Bois recyclés : ce sont tous les bois récupérés en fin de vie et issus de la seconde transformation tant industrielle que du bâtiment ; ils sont systématiquement broyés pour faciliter leur réutilisation et leur transport. Pour des commodités de langage (et non réglementaires), les vocables bois classe A et bois de classe B sont utilisés avec les définitions suivantes :

 

  • Bois classe A (bois non traités) :

Sous-produits de la seconde transformation du bois brut et secs.

Cette catégorie de bois a deux réutilisations principales dans les panneaux et les chaufferies.

 

  • Bois classe B (bois faiblement traités) :

Les panneaux, les bois d'ameublement, les bois de déconstruction,… exempts de gravats, les résidus d'exploitation forestière (souches, grumes etc.).

Cette catégorie de bois n’avait que les panneaux comme possibilité de réutilisation. Elle est maintenant également utilisée pour les chaufferies.

 

  • Bois classe A/B   Mélange de bois recyclés classe A à hauteur de 60% et de bois recyclé classe B à hauteur de 40% destinés aux industries du panneau

 

Norme FSC (Forest Stewrdship Council): norme environnementale qui a 20 ans d’âge.

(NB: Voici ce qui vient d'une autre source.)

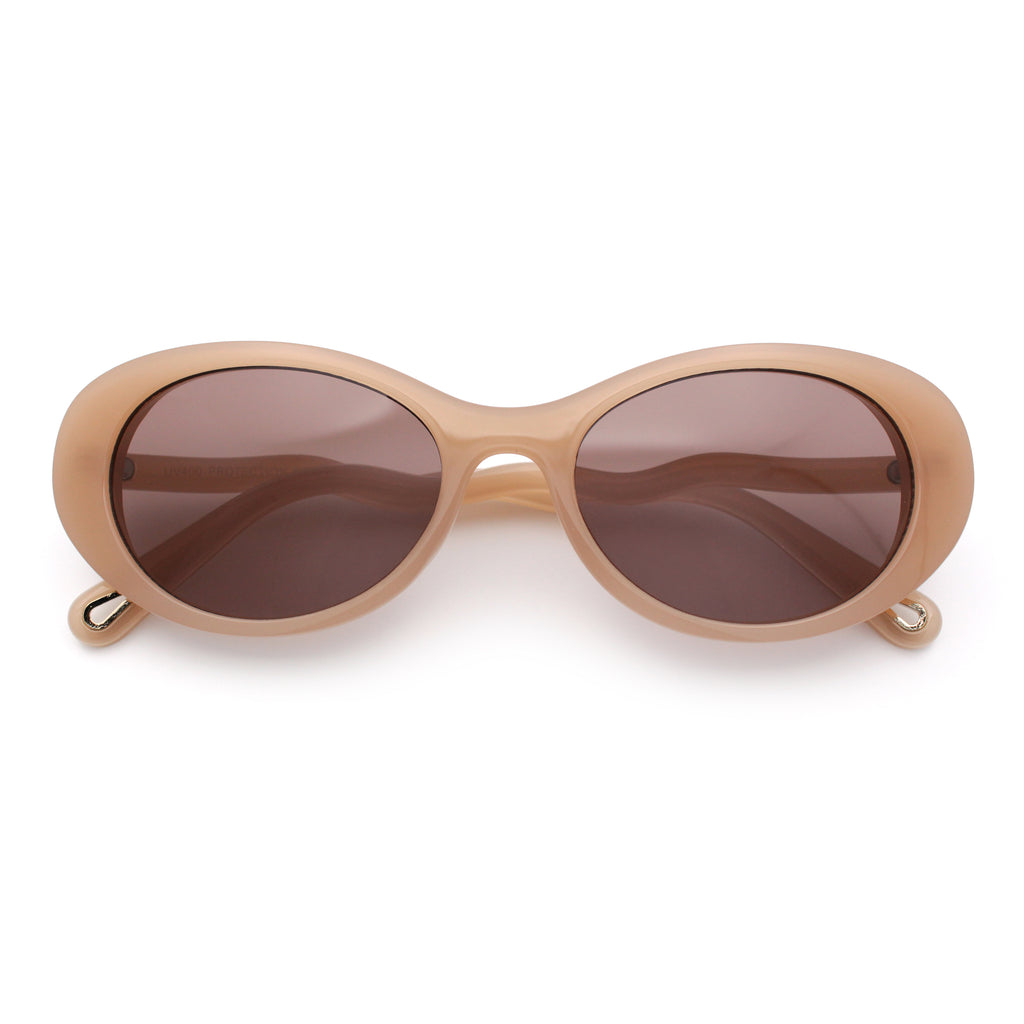 Womens Unique Wavy Crooked Arm Mod Oval Plastic Sunglasses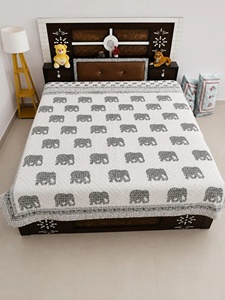 Hand Block Printed Cotton <b>Quilt</b> Reversible Jaipuri Razai Elephant Boho Bedspread Handmade Indian <b>Bedding</b> - Product Image 1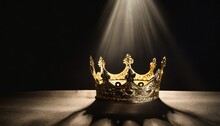 Vertical Photo For Posters And Banners A Crown On A Black Background Is Highlighted With A Golden Beam One To One Low Key Image Of A Beautiful Queen Fantasy Of The Medieval Period Game Thrones
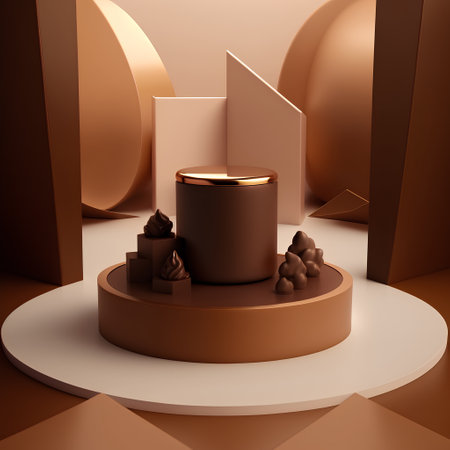 3d render of minimal product display podium with chocolate candies.の素材
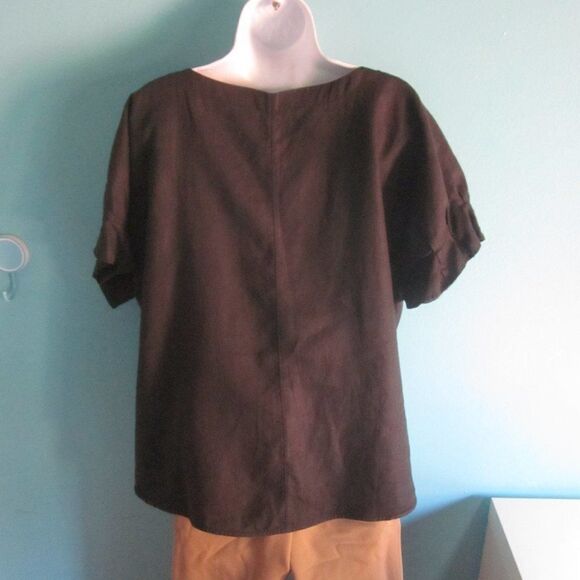 Studio Clip Women Size L Oversized Black 100% Linen Top Japanese Designer Blouse - Picture 7 of 11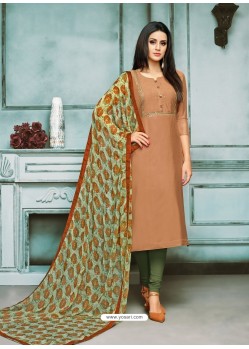 Ravishing Rust Embroidered Designer Churidar Salwar Suit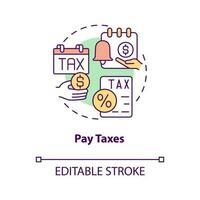 Pay taxes concept icon. Quarter end payments. Payroll processing step abstract idea thin line illustration. Isolated outline drawing. Editable stroke vector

D’origine anglo-saxonne, son objectif est de promouvoir la gestion durable des forêts mondiales. Elle est plus adaptée au grands massifs forestiers mais impose des normes environnementales plus strictes et est indépendante des acteurs économiques car créée par les ONG de protection de l’environnement. 180 Million d’hectares de forêts sont certifiées FSC. Elle est peu utilisée en France.

 

Norme PEFC (Pan European Forest Certification): norme environnementale qui a 15 ans d’âge.

D’origine européenne, son objectif est aussi de promouvoir la gestion durable des forêts.

Elle est plus adaptée à la spécificité européenne et à son morcellement forestier, est issue du monde des industriels du bois et est moins contraignant : c’est plus un engagement à une amélioration continue. C’est maintenant le leader mondial avec 264 Million d’hectares certifiés dans 39 pays.

 

ICPE (Installation classée pour la Protection de l'environnement )

L’arrêté d’autorisation d’exploiter fixe les prescriptions à suivre par l’exploitant, les moyens  d’analyse et de mesures, les moyens d’intervention en cas de sinistre, mais rappelle également l’ensemble de la réglementation concernant notamment

  • L’environnement ;
  • Les rejets (qualité de l’air comprise) ;
  • L’acoustique

avec prise en compte également

  • des prescriptions en matière d’hygiène et de sécurité du personnel ;
  • des règles locales d’urbanisme ;
  • des mesures compensatoires éventuelles.